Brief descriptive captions
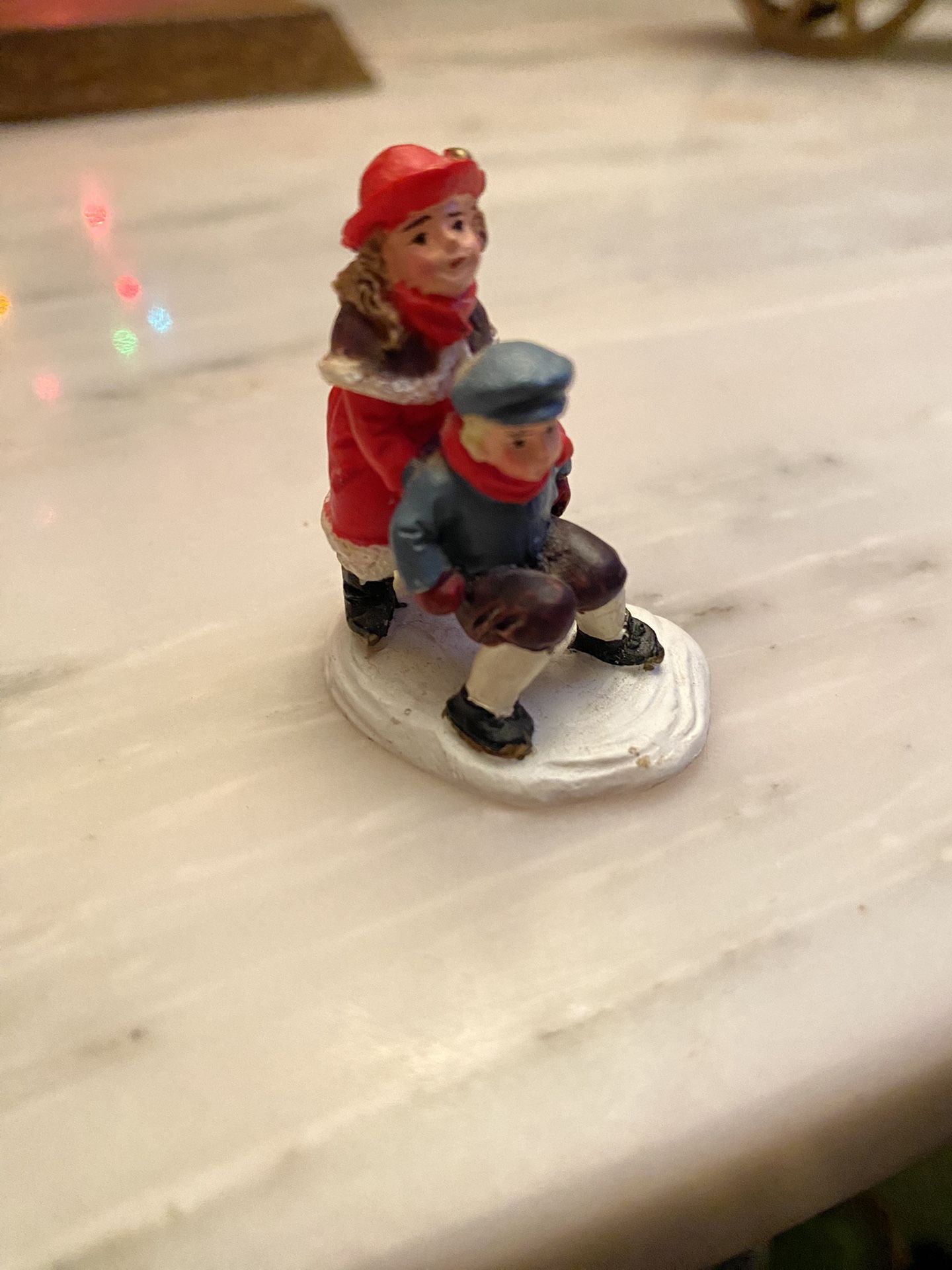 1993 christmas Village Figurine Children Skating Mervyns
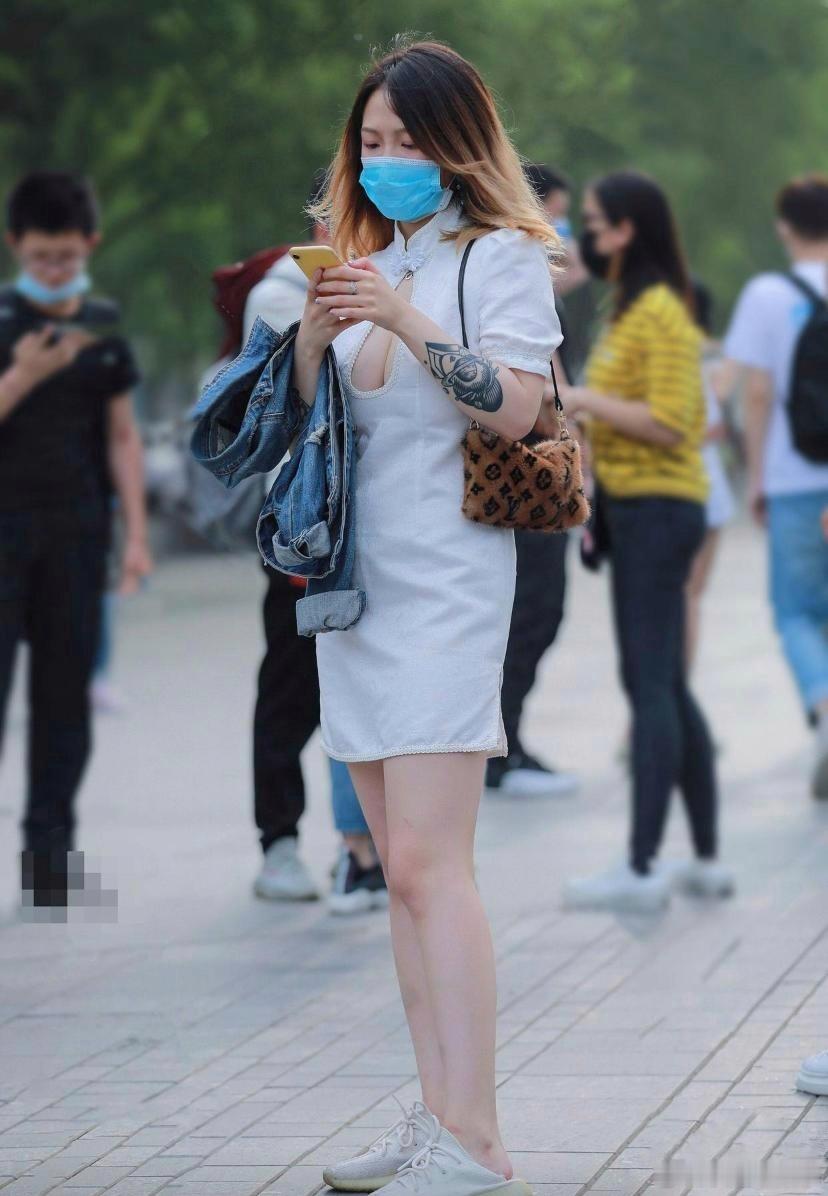 火车站偶遇一小姐姐，水滴领连衣裙配穆勒鞋，简直美翻啦！我网上翻了个底朝天都没找到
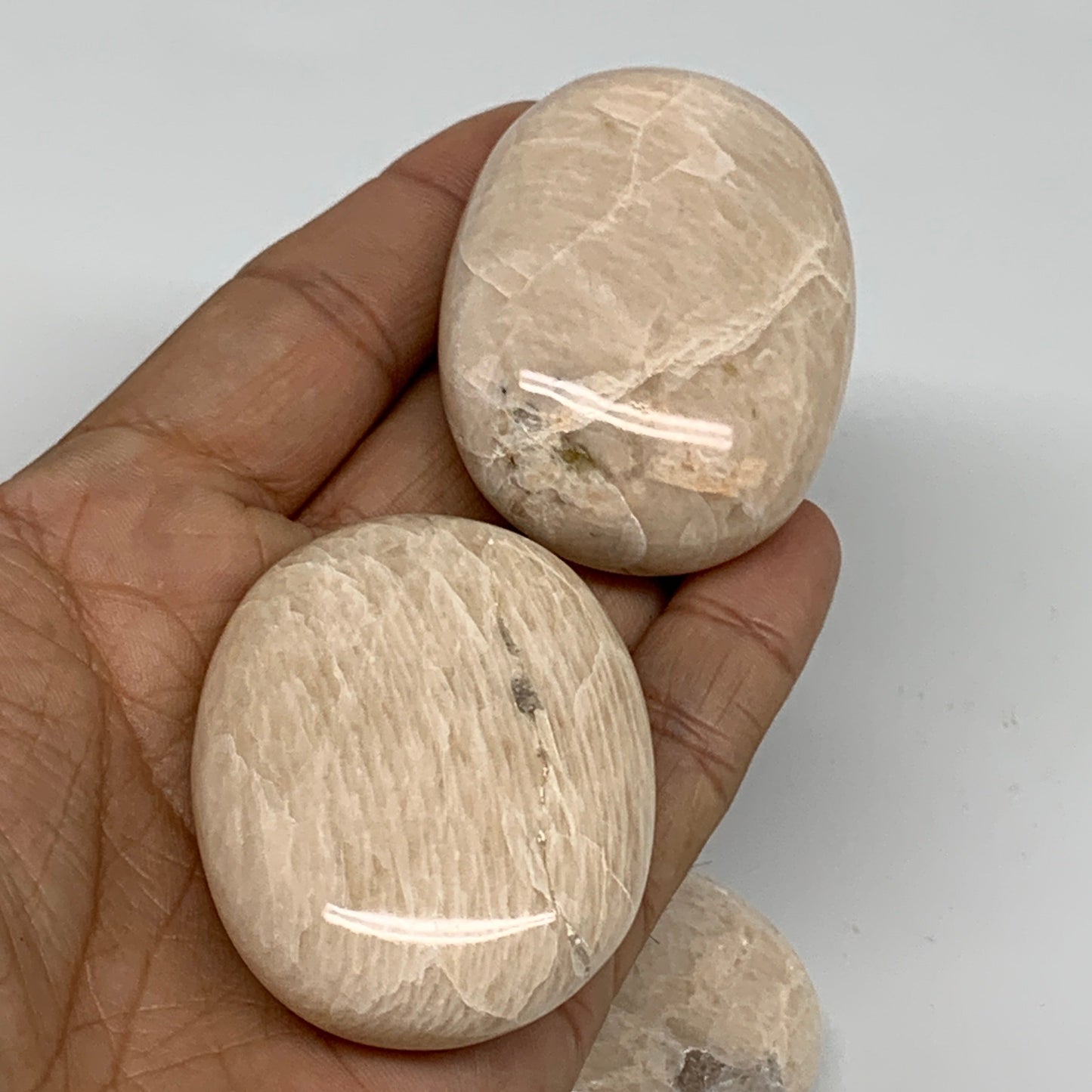 2.49 lbs (1130 Grams), 2"-2.3", 16pcs, Peach/White Moonstone Palm-Stone, B34779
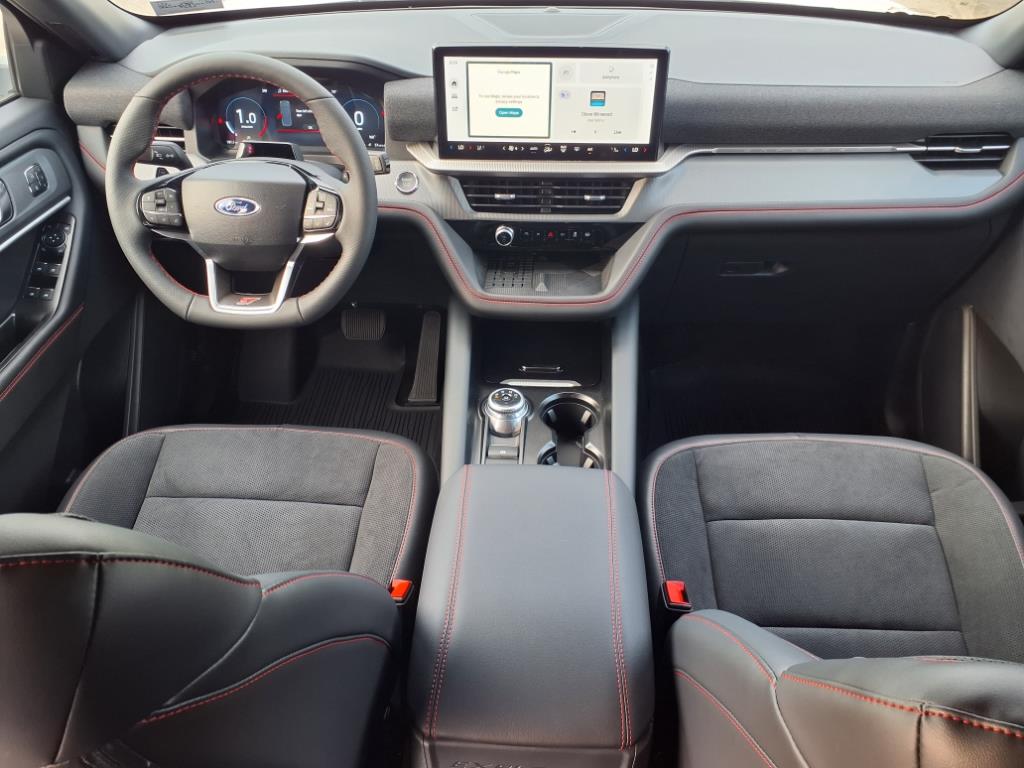 2025 Ford Explorer ST photo 4
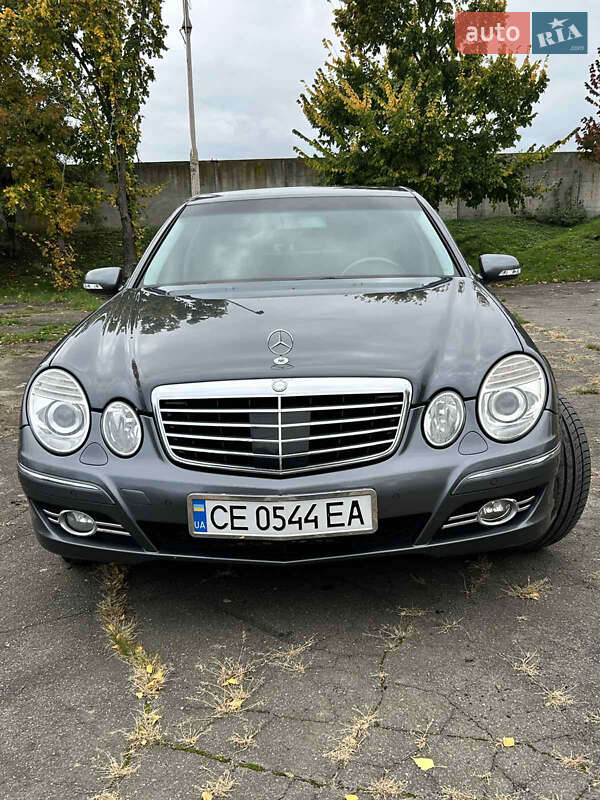 Седан Mercedes-Benz E-Class 2007 в Новодністровську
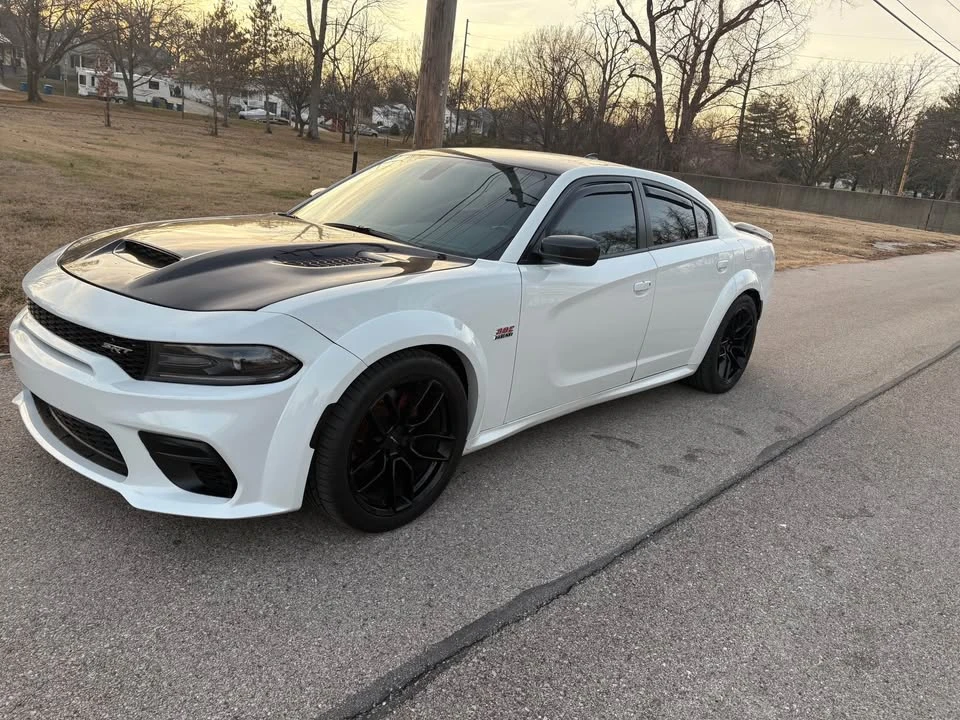 2019 Dodge Charger 8th Gen - Image 2 of 12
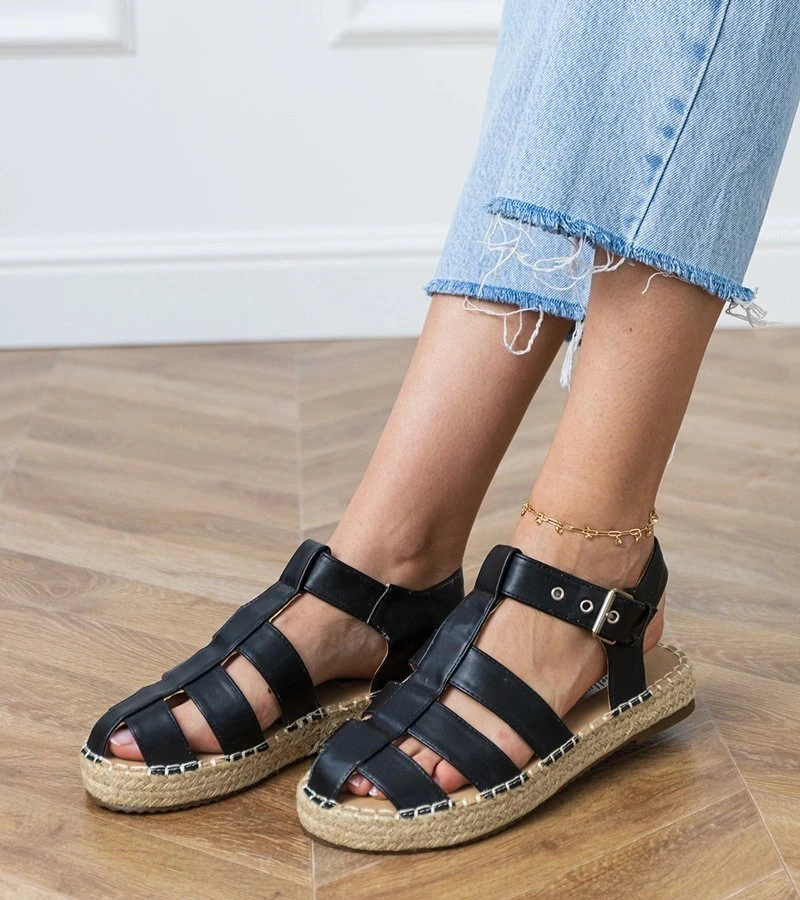 Moteriški juodi espadrilės sandalai su uždaru priekiu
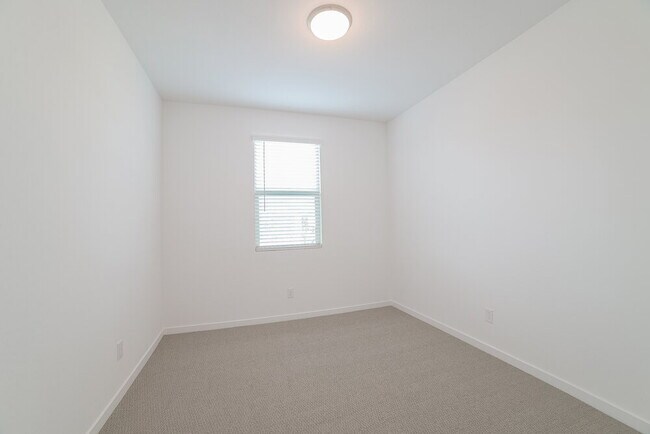 Building Photo - 5635 W Walatowa St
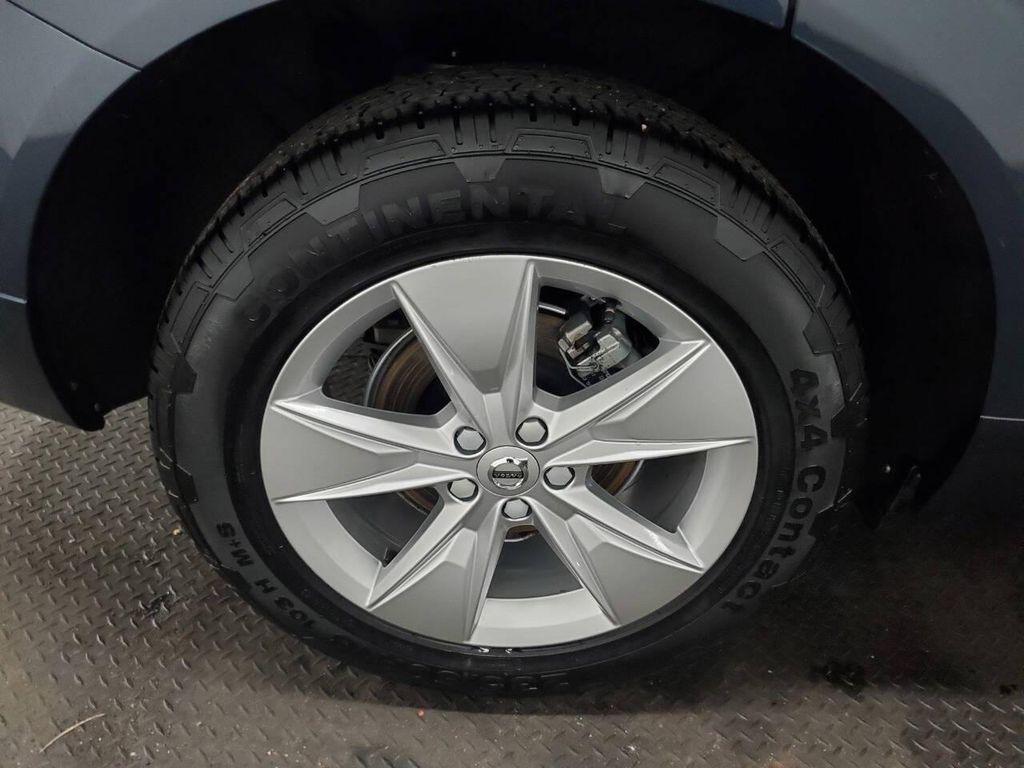 used 2022 Volvo XC60 car, priced at $21,994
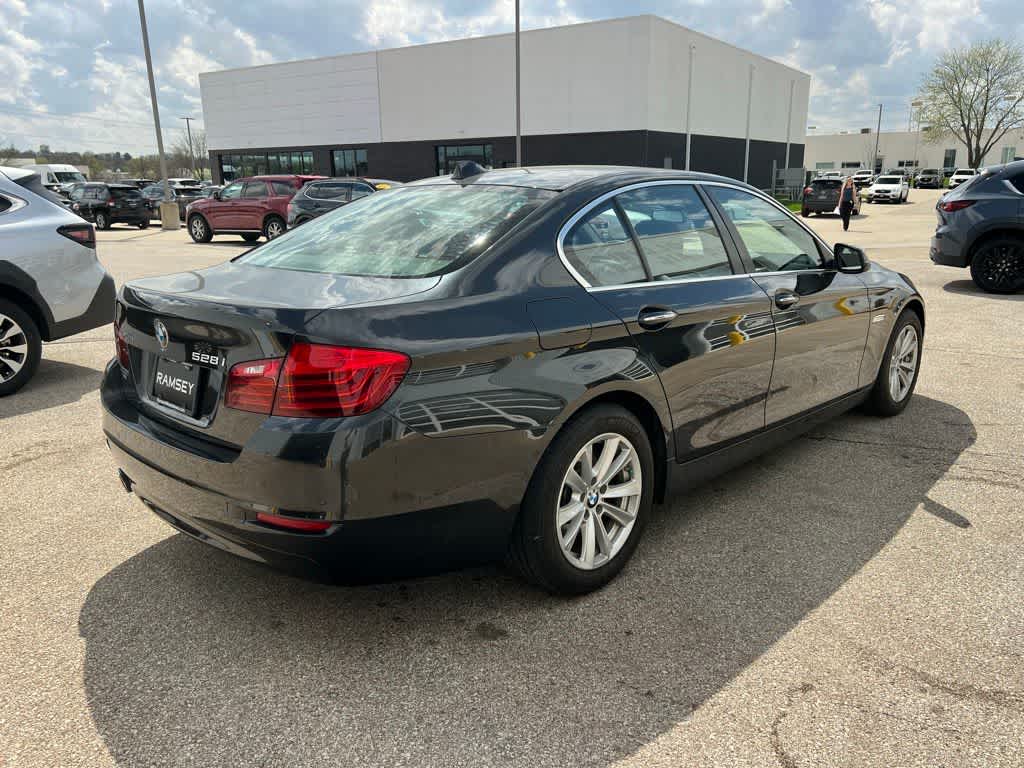Thumbnail: 2016 BMW 5 Series - 6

_Problem description_
Output all of the data above exactly; no pictures should appear.

_Task result_
 1993 christmas Village Figurine Children Skating Mervyns
 火车站偶遇一小姐姐，水滴领连衣裙配穆勒鞋，简直美翻啦！我网上翻了个底朝天都没找到
 2.49 lbs (1130 Grams), 2"-2.3", 16pcs, Peach/White Moonstone Palm-Stone, B34779
 2025 Ford Explorer ST photo 4
 Седан Mercedes-Benz E-Class 2007 в Новодністровську
 2019 Dodge Charger 8th Gen - Image 2 of 12
 Moteriški juodi espadrilės sandalai su uždaru priekiu
 Building Photo - 5635 W Walatowa St
 used 2022 Volvo XC60 car, priced at $21,994
Thumbnail: 2016 BMW 5 Series - 6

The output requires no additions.